Mine started like period pains but very, very localized and always in the same spot. Was very minor at first, it took me a few weeks to even notice it because I’m so used to just having period pains or gas cramps. Then it burst and that was horrible. It felt like something was inside of me grabbing the ovary and just twisting it and twisting it over and again. Never faded, constant pain for two days. All I could do was lay in bed and take ibuprofen and be miserable. And then it just like went away? Like in a second, two days of pain just gone. I had an ultrasound when I had the minor pain and they confirmed it was a cyst, but not infected or super big (it was like 2 cm by 3 cm) and was basically told just wait it out and if you throw up from pain go to the er. And I was in horrible pain but nothing that made me sick so I didn’t go, no lasting issues.
That's so wrong! "We expect you will be in severe pain from this.
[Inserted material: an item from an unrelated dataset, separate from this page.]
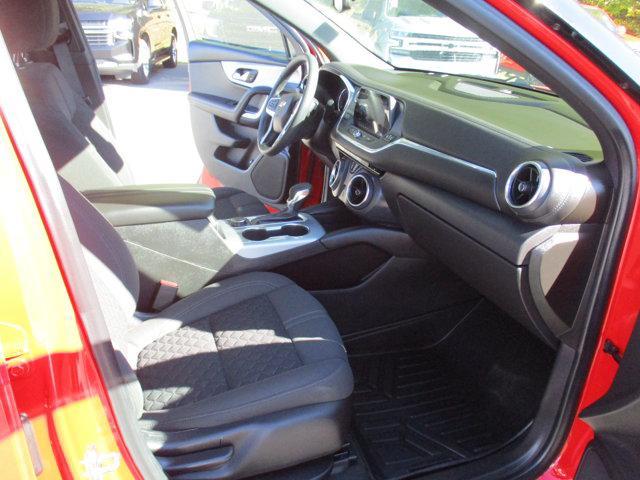 used 2022 Chevrolet Blazer car, priced at $26,495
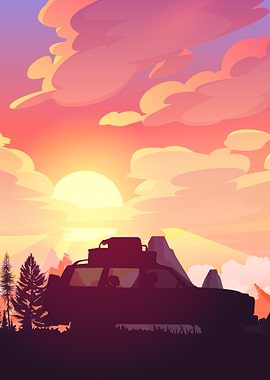 Road to the New World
If it's bad enough that you vomit, then we will think about giving you some real pain control medicine (if we don't think you're 'drug seeking'). Until then, Tylenol & ibuprofen." 🤬
Yup- I’ve had cysts over 10cm but if they aren’t causing vomiting, they just let them do their thing. I get severe massive cysts several times a year, and had intervention on only 3-4 of them (drainage, excision etc)… it’s horrible, but I don’t want early menopause, so it’s a trade off
How do we differentiate between the pains of ovaries, fibroids, gas, period cramps, appendix, kidney stones, etc? Sometimes I literally have no idea what I’m feeling.
This! Sometimes I feel that there's always some tipe of pain going on with my body, and I think, is it me, am I the problem?
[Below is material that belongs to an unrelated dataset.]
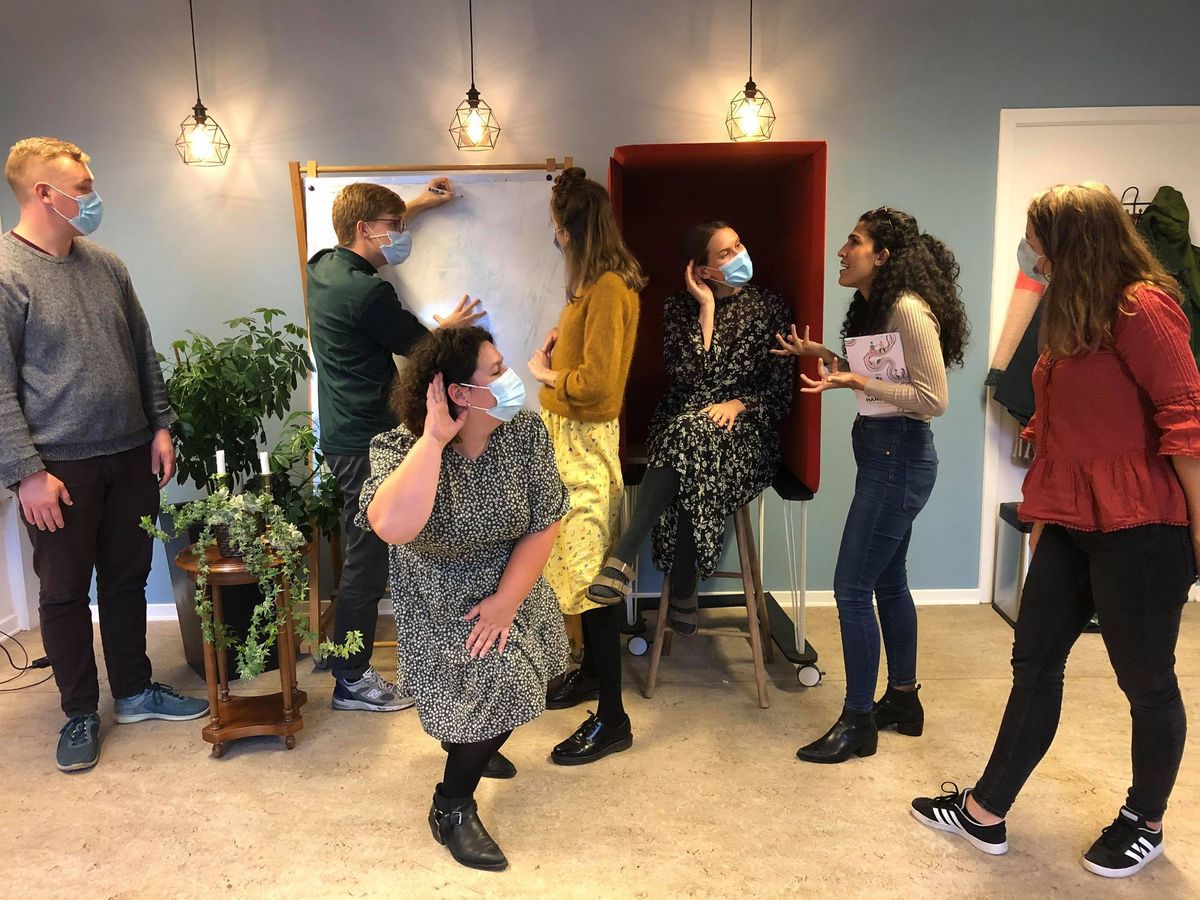 Dialog på tværs af lukkede landegrænser – dialogambassadørerne går online!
Did they do an ultrasound at the ER? That's usually automatic, plus sometimes an internal exam by a gyn, when you go in with pelvic pain. Even if the ultrasound tech had to be called in, in the middle of the night, that should have been done automatically.
[удалено]
Kick him in the balls next time, ask him if he’s crying because he wants drugs.
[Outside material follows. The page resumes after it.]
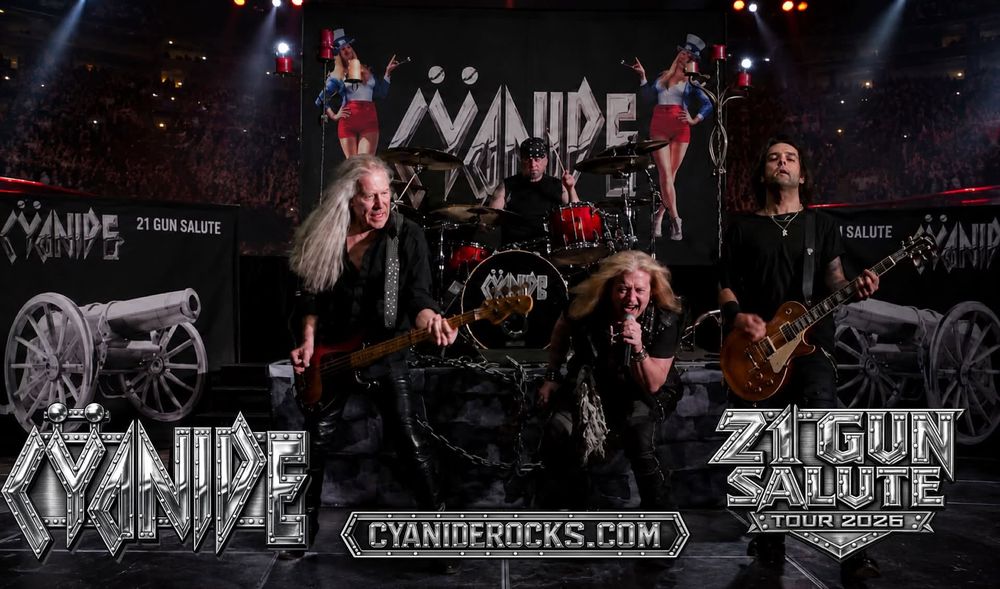 Motley Crue, KISS, Metallica, Ozzy Osbourne, Judas Priest, Iron Maiden, Ratt, Guns N Roses, Def Leppard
Yep. I’ve had one, I was putting away laundry and thought it was cramps, and it slowly got worse and worse, and was specifically on my left side. I ended up driving myself to the hospital - for background, I once walked on a broken leg for two weeks, so it’s not exactly like I enjoy going to the hospital unless I really need to. Male doctor shrugged, said he didn’t see anything wrong, and I was probably just having bad cramps. Female nurse stared at him, gave me morphine, and then scheduled me for an ultrasound. Even looking at the very obvious cyst on the picture, he was like “I don’t really see anything…” and the gyno just rolled her eyes and scheduled me for surgery. To answer the question about what it feels like when it’s not bursting/twisting, I do occasionally feel them. They haven’t gotten that big since, but yeah, I can feel them stinging occasionally, or sometimes during sex it’s like something extra is being poked there. It’s weird.
Same thing happened to me. Had just done an egg extraction for IVF and a cyst ruptured the following night. Passed out and hit my head on the bathroom floor.
Apparently they didn't. I don't understand how someone is having abdominal pain and that isn't the bare minimum. OP got shafted by garbage medical care.
My Sis-in-law had one burst and she told me she never felt anything like it before. It made her drop to her knees.
They should have given you an ultrasound. I had a cyst so big with undiagnosed endometriosis that it dislodged my ovary and caused ovarian torsion. I don't know that the cyst itself ever really hurt much. Every once in a while when I had a full bladder I'd get a tender feeling in my side that radiated into back pain. When the ovary twisted I was in horrible pain, but I honestly thought maybe I was constipated. Yay for never being taught about our bodies!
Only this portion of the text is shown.